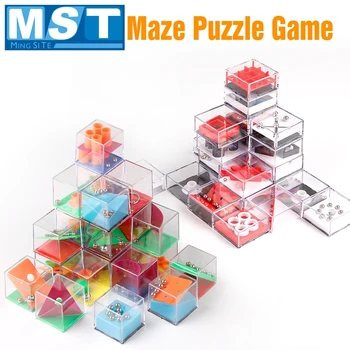 24PCS Mini 3D Bludisko Puzzle Hračka Plastov Ručné Mozgu Teaser Korálky IQ Kocky Hry Začiatku Vzdelávania, Vzdelávacie Hračky Pre Deti,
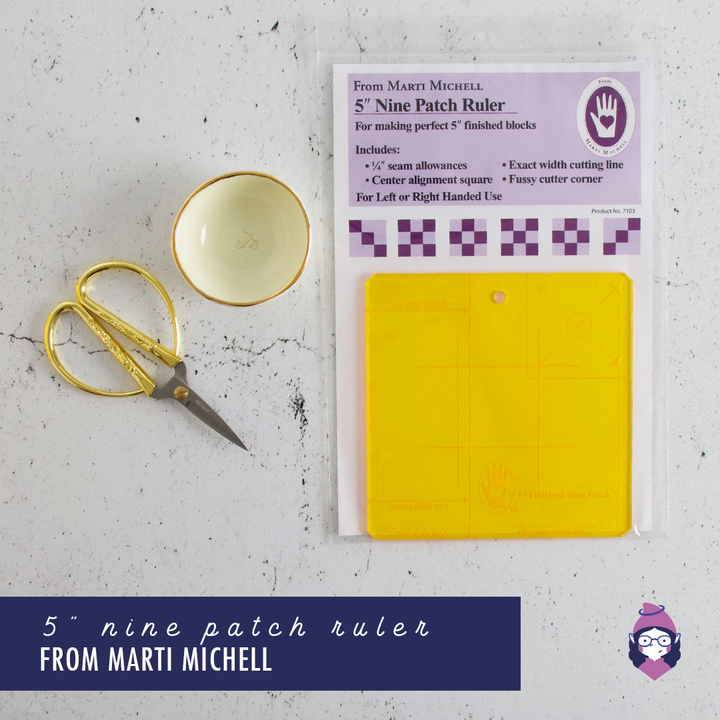 Nine Patch Ruler - Available in 7 Sizes - Marti Michell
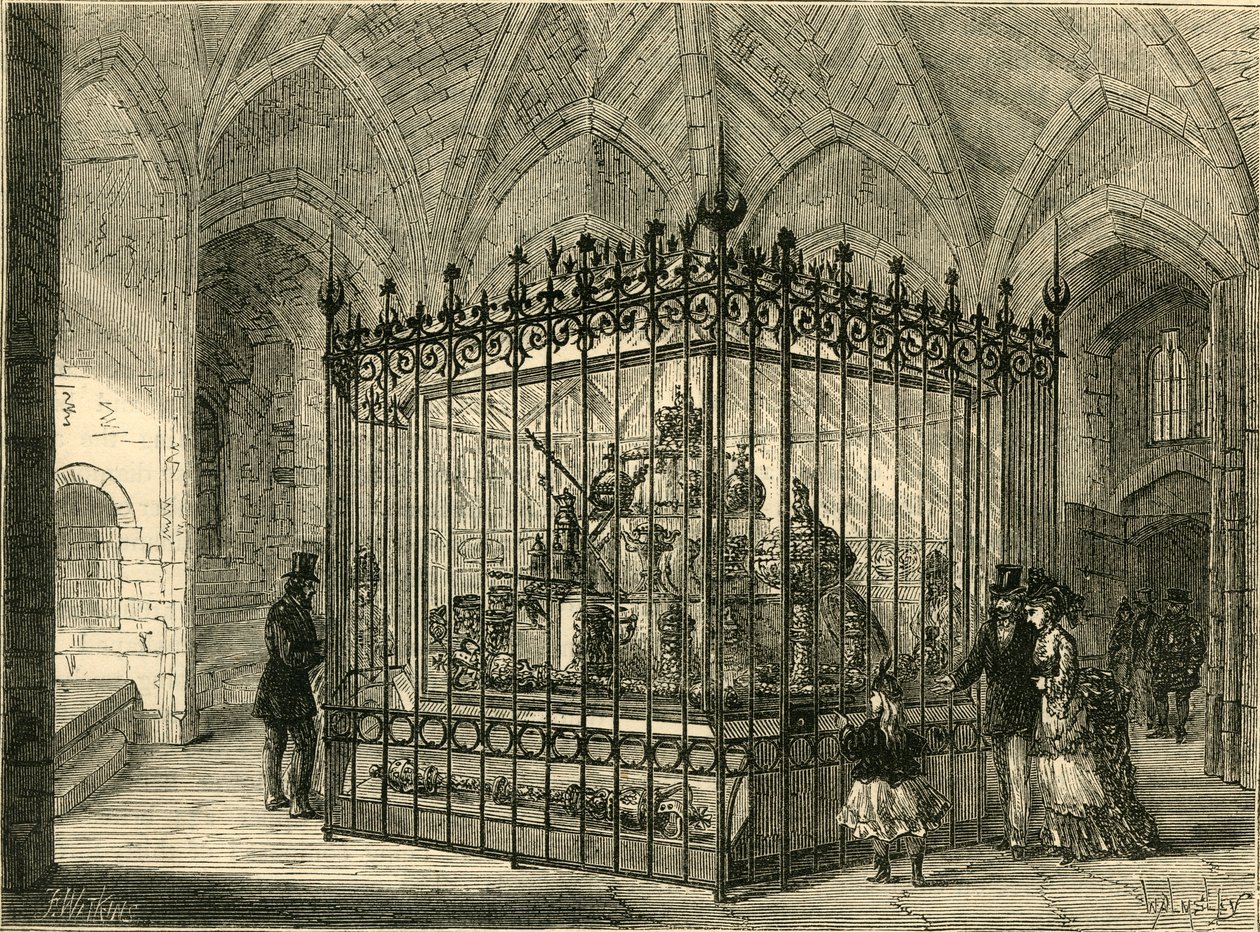 De Juwelenkamer in de Toren, ca. 1872 door Unbekannt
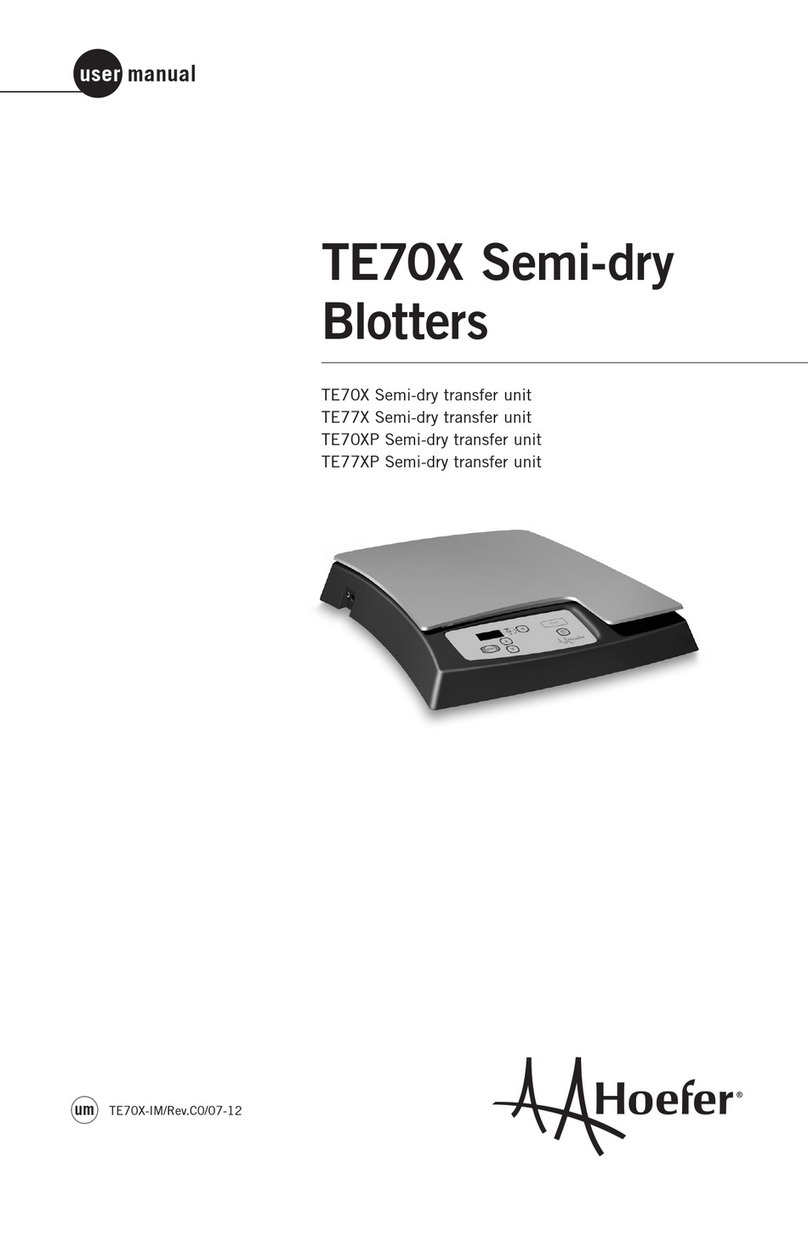 Hoefer TE70X User manual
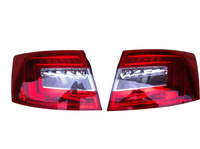 Tail Light Assy Set (LED W/O Bulb Holder) Left 5E5945111A 5E0945095 & Right 5E5945112A 5E0945096 Compatible With Skoda Octavia (2014-2016) Tag No.170
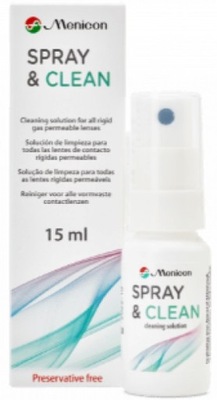 Menicon Spray&Clean do soczewek twardych 15 ml
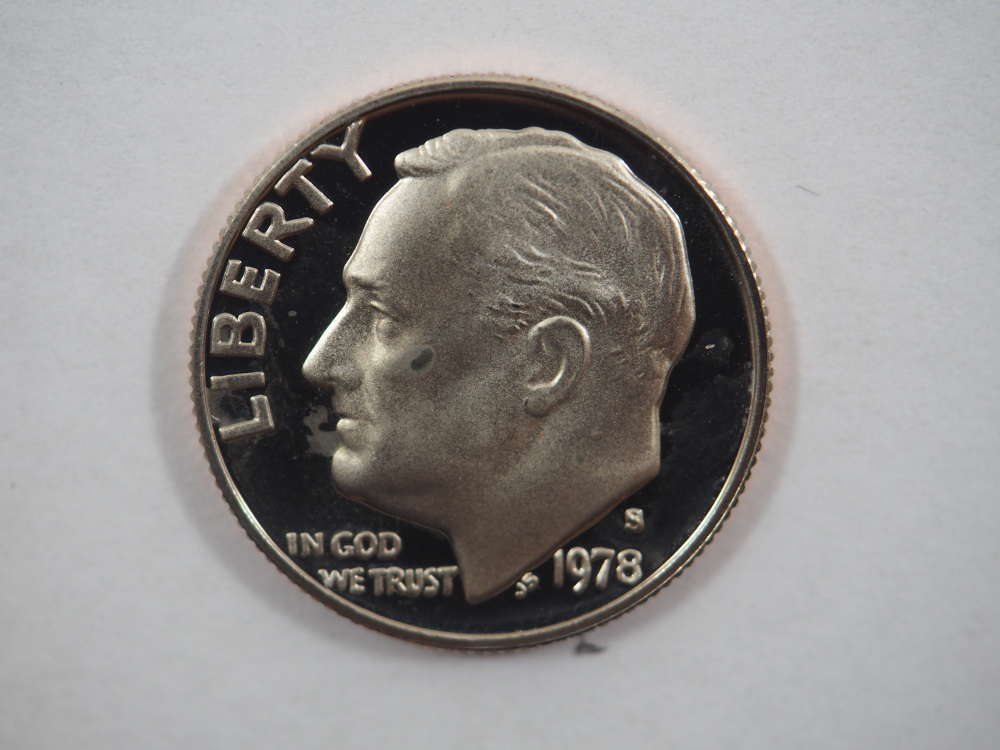 1978 S Roosevelt Clad Dime Proof GEM US Coin Proof (PF) - SKU 106USDMCL - $2.95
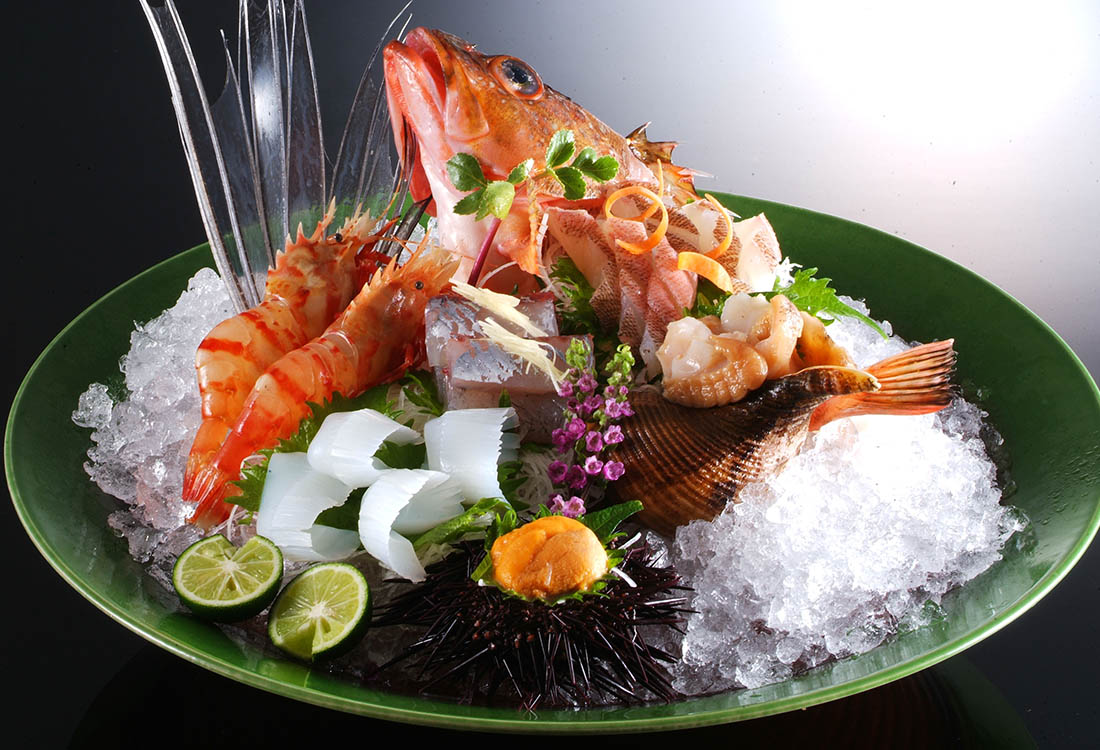 写真：日本海の魚介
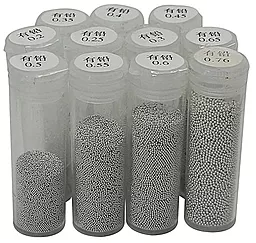 BGA шарики (PRC) олов'яно-свинцеві 0.76мм 2500шт в скляній ємності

========================================================================

> _Task brief_
Write out, word for word, the lines from the first line of the entries through the one containing "Menicon Spray&Clean do", both included. Leave out the pictures.

> _Response to the task_
 24PCS Mini 3D Bludisko Puzzle Hračka Plastov Ručné Mozgu Teaser Korálky IQ Kocky Hry Začiatku Vzdelávania, Vzdelávacie Hračky Pre Deti,
 Nine Patch Ruler - Available in 7 Sizes - Marti Michell
 De Juwelenkamer in de Toren, ca. 1872 door Unbekannt
 Hoefer TE70X User manual
 Tail Light Assy Set (LED W/O Bulb Holder) Left 5E5945111A 5E0945095 & Right 5E5945112A 5E0945096 Compatible With Skoda Octavia (2014-2016) Tag No.170
 Menicon Spray&Clean do soczewek twardych 15 ml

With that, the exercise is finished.